The district is close to bringing an additional 500 customers online.
“The additions will bring the district into the black and help keep rates from rising, but we will not earn enough revenue from the additional customers to lower the current rates,” said Taylor.
“I have been to your meetings and seen your finances. The problem is the project is too big for so few who are in this low income bracket,” said Gravois Board Trustee John Brooks.
“Is there a way to reduce the debt or extending the debt so payments are less and rates can be reduced to an affordable level?”
Legal battle vs. working together to find a solution
“The point is you are free to litigate this if you want to, but you will force us to litigate as well and we would prefer to find a solution,” said McCaffrey.
“We are available for you to come and speak with our financial people and poke holes in it to find a solution to this. This board is anxious to do the right thing. We could go to the Supreme Court if you want to but there are too many lawsuits with people who are mad at each other and no one benefits, but the attorneys.”

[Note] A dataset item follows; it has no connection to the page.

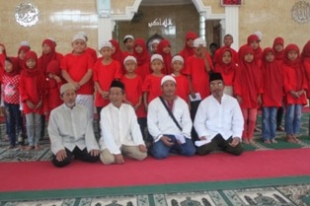 Remaja Masjid Nurulhidayah Santuni Anak Yatim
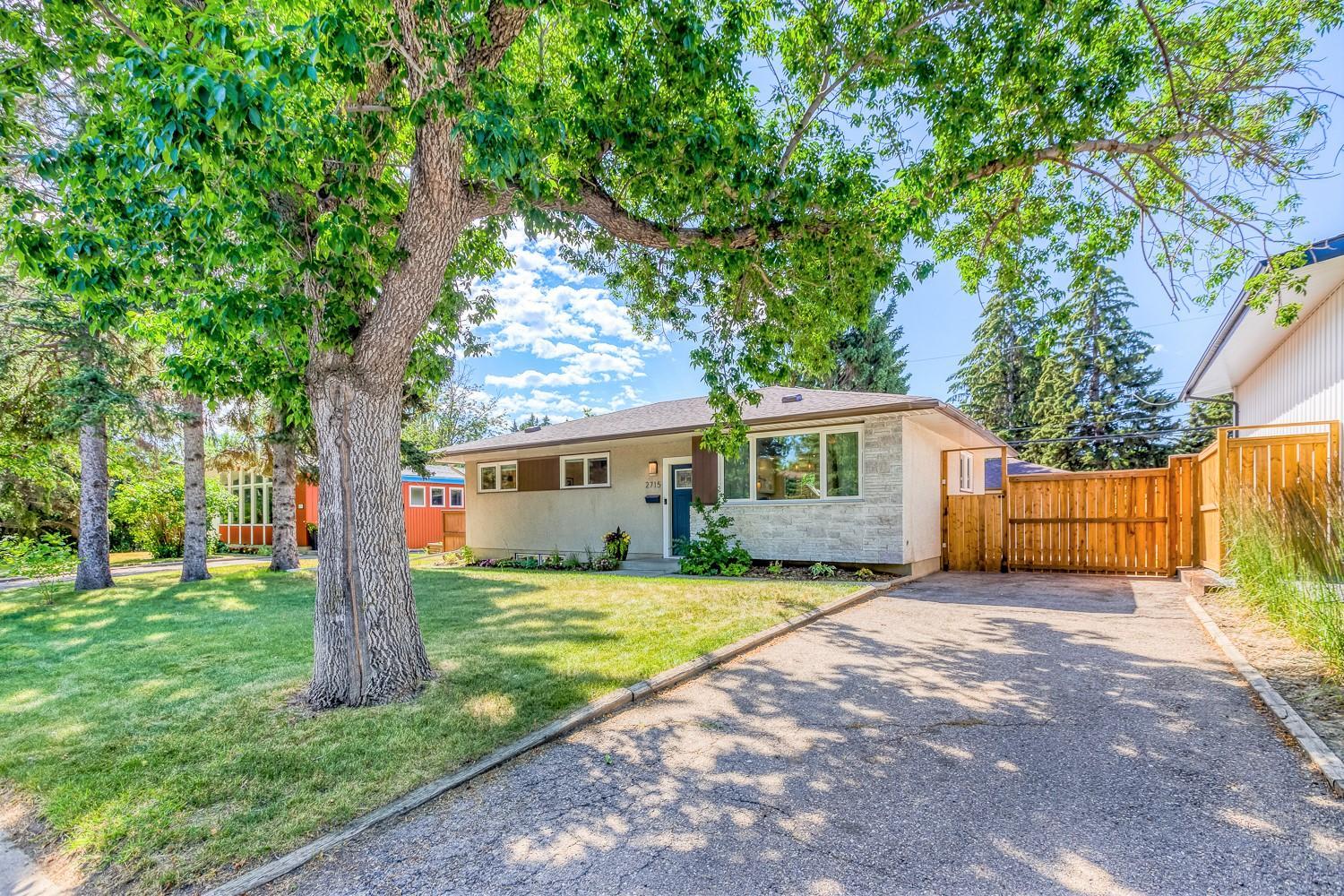 Luxury Home By North Glenmore Park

McCaffrey assured the Gravois trustees that they would make a sincere effort to come up with a scenario to collect from all customers on a fair and equitable basis.
“Whether that is metered or flat remains to be seen. The best way would be to set the rates based on averages, whether the customer is a resident, or a business and the type of business and usage. As more customers are added, the cost will be shared and this needs to happen as quickly as possible,” said McCaffrey.
The two boards agreed to set a meeting to discuss options. The village board was asked to provide information on the number of residents living in the village along with any information on certain areas where they felt there were unfair charges.
Estimated cost for a water meter:
  • Cost to install water meter: $500 to install
  • Cost to purchase flow meters: $1,500 - $2,000
  • 0 to 1,000 gallons: a decrease of $15 a month
  • 2,000 gallons: a decrease of $3.50 a month
  • 3,000 gallons: an increase of $8.25 a month. 
  • 4,000 gallons: an increase of $20 a month
Officials said the estimated amounts do not reflect debt service or maintenance and will have to be included.
Cost per customer for a sewer meter:
  • 1,000 gallons: a reduction of $7.50 a month
  • Over 1,000 gallons: an increase
  • The average flow is 4,000 gallons a month
  • The national average is 5,000 gallons a month
  • 4,000 gallons a month: an increase of up to $21 to $25.59 per month

    Trustees discuss sewer issues

The Gravois Board of Trustees discuss sewer issues with the Gravois Arm Sewer District at their board of trustees meeting Tuesday, June 12 in Gravois Mills. Pictured are,from left, Village Attorney Greg Williams, Trustee Bob Swengrosh, Trustee Jack Feller, Chairman Brad Vold and Board Treasurer/Secretary John Brooks.